Introduction to the Canadian Flag
The Canadian national flag, with a 1:2:1 ratio, has a red field with a white square in the middle, and a stylized red, 11-pointed maple leaf emblazoned in the middle. The Canadian flag has emerged as the country’s primary and most iconic symbol. It is the first flag to have been approved by both Houses of Parliament and declared the official national flag of Canada by the monarch.
Since the 1860s, the Canadian Red Ensign has been flown informally. It was formally authorized for usage in 1945 by an Order in Council, which stated that it may be flown “wherever place or occasion may make it desirable to fly a distinctive Canadian flag.”
The maple leaf motif appears on many other flags designed by Canadian officials, government agencies, and armed forces. The wordmark for the government also features the Canadian flag.
Symbolism and Design of the Canadian Flag
The Canadian flag has an 11-point red maple leaf sculpted in white in the middle of a square. Analyzing and breaking down the elements of the flag, there appear to be only two colors and one symbol. But what does each color and symbol mean?
The Maple Leaf
First is the most striking picture – the maple leaf at its dead center. One of Canada’s most known emblems, the maple leaf has represented Canadian identity since the 19th century.
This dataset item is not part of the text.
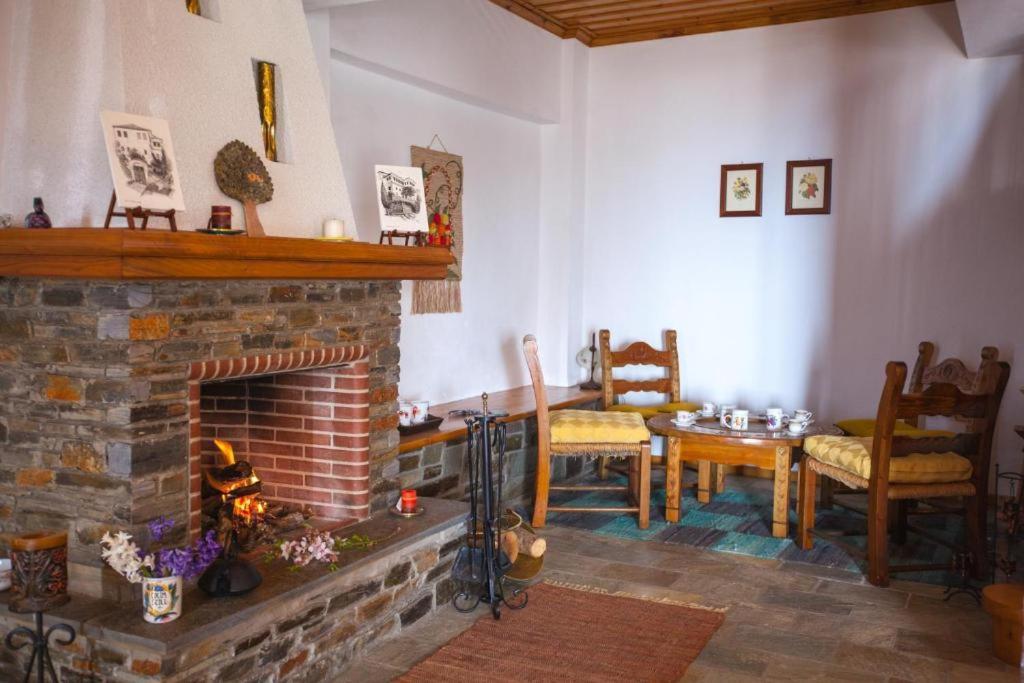 Eremia Rustic House - Entire Villa In Pelion Makrinitsa Luaran gambar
It can be seen on Canadian flags and coats of arms, notably those of the Canadian Armed Forces.
It was first utilized as a national emblem when depicted on the coats of arms of both Ontario and Quebec in 1868. The patriotic song “The Maple Leaf Forever,” written by Alexander Muir in 1867, was adopted as an unofficial anthem throughout English-speaking Canada.
The stylized 11-point maple leaf in the middle of the Canadian national flag makes it the most unique. The number of points on the leaf has no special importance. However, the maple leaf on Canada’s national flag originally had 13 points. This design was altered to its current 11-point configuration to enhance the symbol’s clarity. With the original 13 points, it wasn’t easy to distinguish as a maple leaf when viewed at a distance or when floating in windy conditions.
The Red and White Colors
Several nations, such as those that assisted in the formation of Canada, have historically utilized the colors red and white. Many Canadians now recognize these hues, the colors red and white, to represent winter snows and autumnal maple leaves, respectively.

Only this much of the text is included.